October 16th was marked by the most violent gale we had had since leaving home. This gale left the land almost as bare as in summer, and the water formed by it was more extensive than at any time for a month. After all these gales, Cape Joseph Henry stands out in black and savage profile. Of all capes fronting the Polar Sea along the coasts of Greenland and Grant Land, this is the most ideal.

Soon after this, with almost the suddenness of lightning from a clear sky, I faced the possibility of the complete crippling of the expedition by the extermination of my large pack of dogs. About eighty of these indispensable animals died before the cause was traced to poisoning from the whale meat which I had taken for dog-food.
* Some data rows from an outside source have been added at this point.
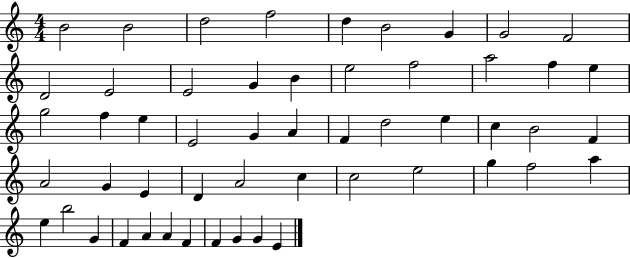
{
  \clef treble
  \numericTimeSignature
  \time 4/4
  \key c \major
  b'2 b'2 | d''2 f''2 | d''4 b'2 g'4 | g'2 f'2 | \break d'2 e'2 | e'2 g'4 b'4 | e''2 f''2 | a''2 f''4 e''4 | \break g''2 f''4 e''4 | e'2 g'4 a'4 | f'4 d''2 e''4 | c''4 b'2 f'4 | \break a'2 g'4 e'4 | d'4 a'2 c''4 | c''2 e''2 | g''4 f''2 a''4 | \break e''4 b''2 g'4 | f'4 a'4 a'4 f'4 | f'4 g'4 g'4 e'4 | \bar "|."
}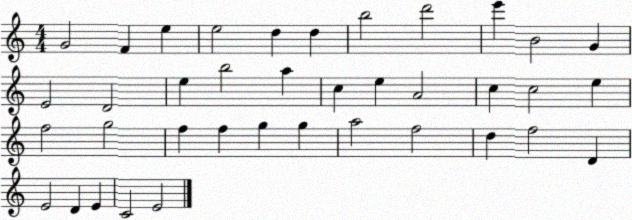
X:1
T:Untitled
M:4/4
L:1/4
K:C
G2 F e e2 d d b2 d'2 e' B2 G E2 D2 e b2 a c e A2 c c2 e f2 g2 f f g g a2 f2 d f2 D E2 D E C2 E2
This meat to the amount of several tons was thrown away, and I found myself confronted at the beginning of the long Arctic night with the proposition of subsisting my dogs and most of my Eskimos upon the country.

Without my previous familiarity with the region, this would have been an absolute impossibility; even as it was, it possessed elements of uncertainty, but with the satisfactory start already made in obtaining musk-oxen, and knowing that these animals could be killed by those who knew how, even in the depths of the great Arctic night, I believed there was somewhat more than a fighting chance for success.